[Supplied data]

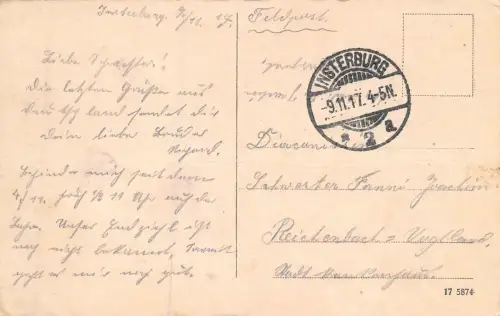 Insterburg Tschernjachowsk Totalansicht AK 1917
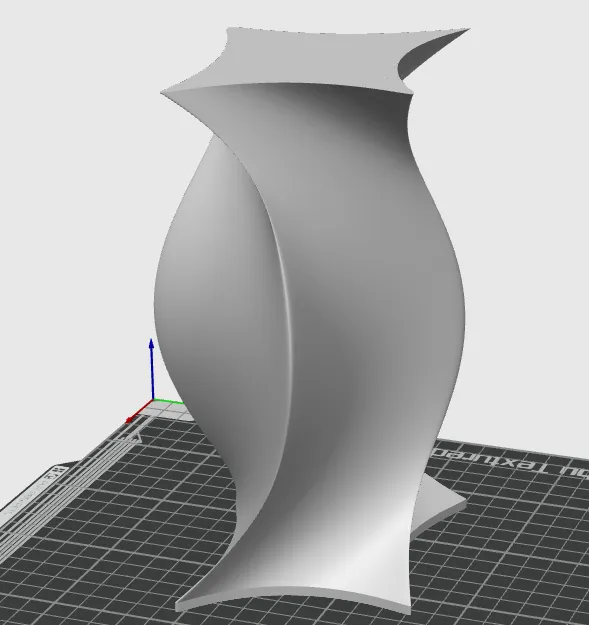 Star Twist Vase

[/Supplied data]
[Supplied data]

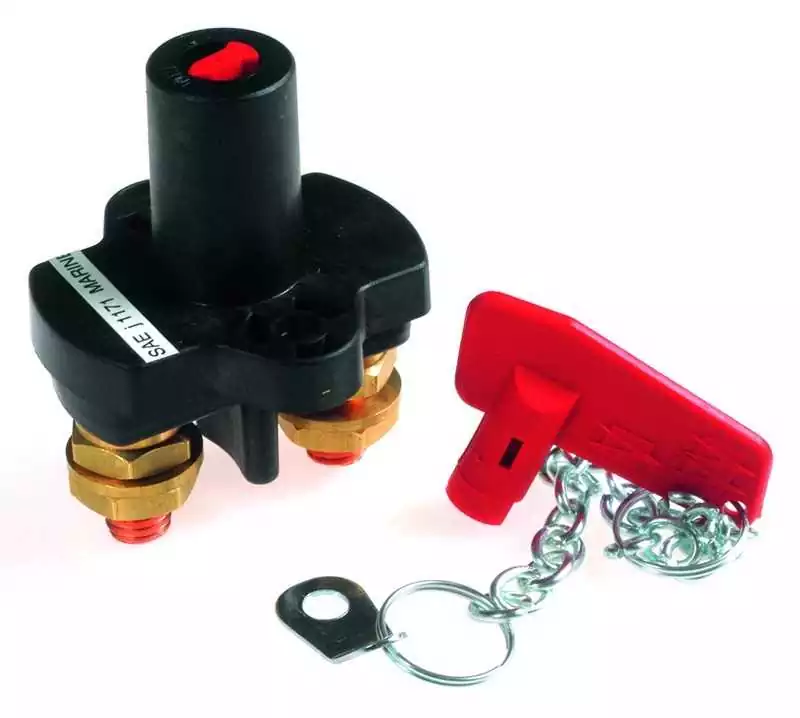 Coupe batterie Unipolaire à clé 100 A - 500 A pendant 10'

[/Supplied data]

Exercise instructions: Reproduce the listing above from the line that holds "Insterburg Tschernjachowsk Totalansicht" through the line that holds "Star Twist Vase", both included, with the pictures left out.

Response:
 Insterburg Tschernjachowsk Totalansicht AK 1917
 Star Twist Vase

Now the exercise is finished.